First things first, I’m the only one in this class allowed to fart. If any of you sods break wind, I’ll break your finger and ship you back to Pilates, where you bloody belong.

All right, fine print’s out the way, let’s dive in. Why don’t we start with a downward dog, yeah? Jesus! I said “downward,” not “put-down.” You want to make sort of an A shape, not fully fellate yourselves.

For the sake of my eyes, let’s move on. Standard forward fold. Just bend over and grab the backs of your knees, the way I do when I meet with the Director General. Brilliant.

Now how ’bout a mountain? Pretend you’ve got a spine, yeah, and stand up real straight and reach way up high—like there’s some actual human potential for you dangling from the ceiling. Fantastic.

Mm, this is a good ice cream cone. Tasty little treat, this.

Where was I? Right, step into a Warrior I. Steady! Looks like I’m not the only one who added a bit of Irish to his coffee this morning. I’m astonished that none of you broke an ankle executing that exceptionally simple maneuver. Bravo.

I’m afraid to ask, but try for a Warrior II. All right, not a total cluster. Maybe I won’t have to chloroform myself in the hallway.

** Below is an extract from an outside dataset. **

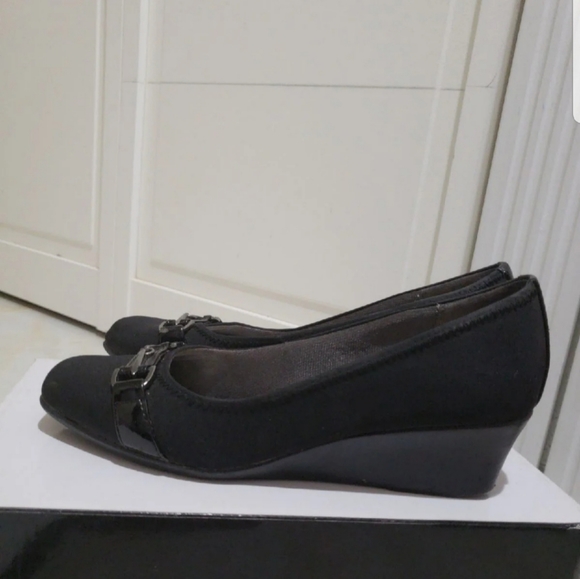 Life stride black shoes - Picture 3 of 4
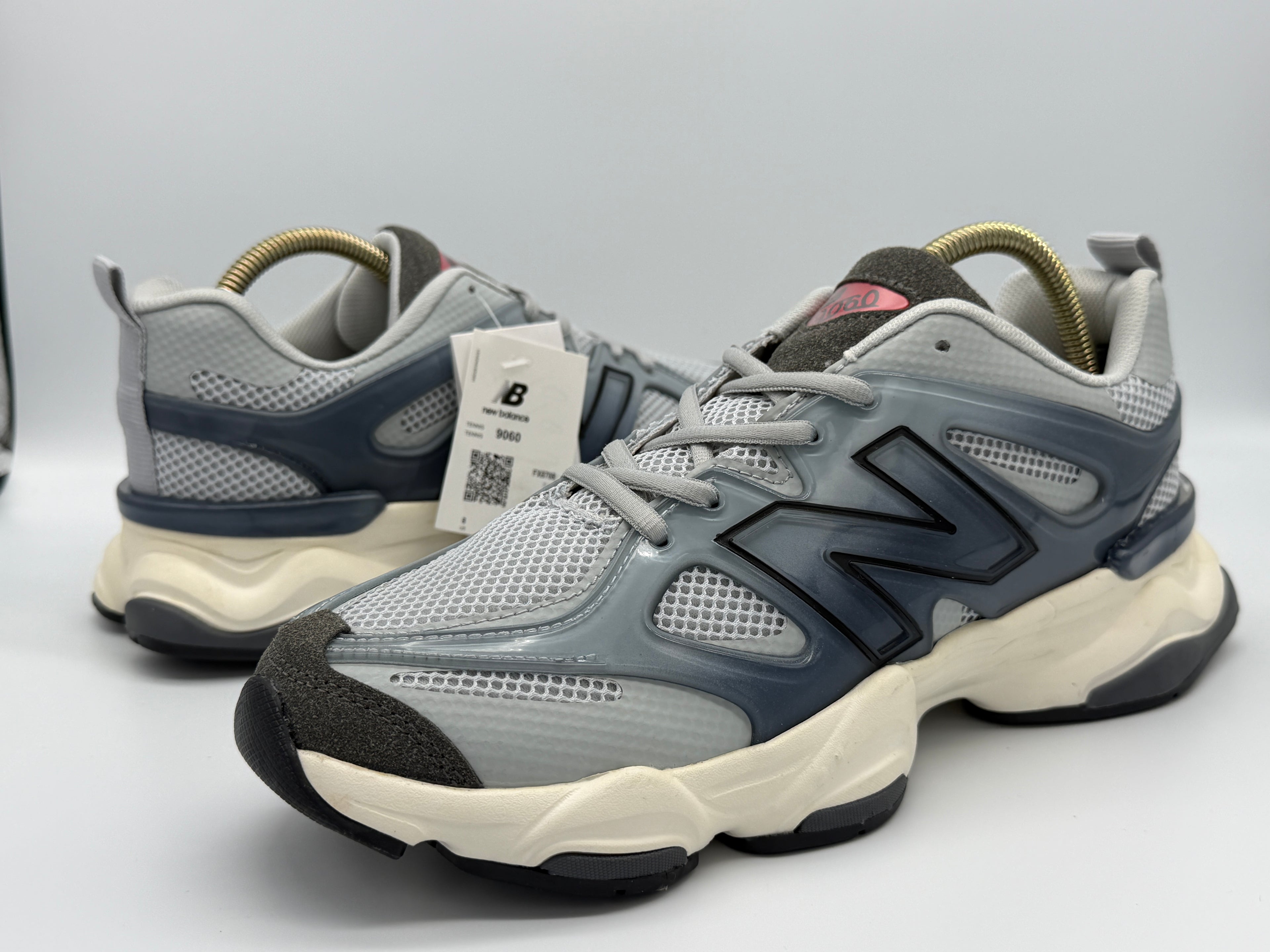 Маратонки New Balance в сиво, кремаво и тъмносиньо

Even you mindless husks can guess where this is going: Warrior III. Well, looks like we’ve got a studio full of pacifists! Can you hear me out there? I said “Warrior III,” not “coordination holocaust.” Best move into a triangle before I become physically ill.

Christ, that’s the worst triangle I’ve seen since Bermuda. What did your mats do to deserve this? And your breathing is all wrong. Do you all have COPD? Ghastly stuff.

I doubt you lot can do a half-moon without sharting into your spandex, so let’s try an extended side angle. Mind if I smoke? It was a rhetorical question, you twats. Now make like a bloody protractor and give me forty-five degrees.

I’ve got hemorrhoids more pliable than that. Is this yoga, or am I teaching remedial standing to a family of brain-damaged pandas? You sicken me, truly.

Right, let’s just run through these last few poses while I ponder what I did to deserve this. We’re gonna do chair, chaturanga, cobra, pigeon. Chair, chaturanga, cobra—shit on a stick, you call that a chaturanga? Maybe if you spell the middle bit W-R-O-N-G. Fuck me, this is bleak.

Forget the cobra and the pigeon, I’m not ready to puke up me ice cream cone yet. We’re gonna go straight into a corpse pose, then quit while we’re profoundly behind.

I cannot fathom how you’re mucking up lying flat on your backs, but that is absolute rubbish. I swear on this Chinese food menu, if one of you falls asleep, I will ash my cigarette directly into your mouth.

You want to see a proper corpse pose? Come on out behind the building in a tick, where I’ll have blown my bloody brains out.

Class dismissed! Namaste—and fuck off.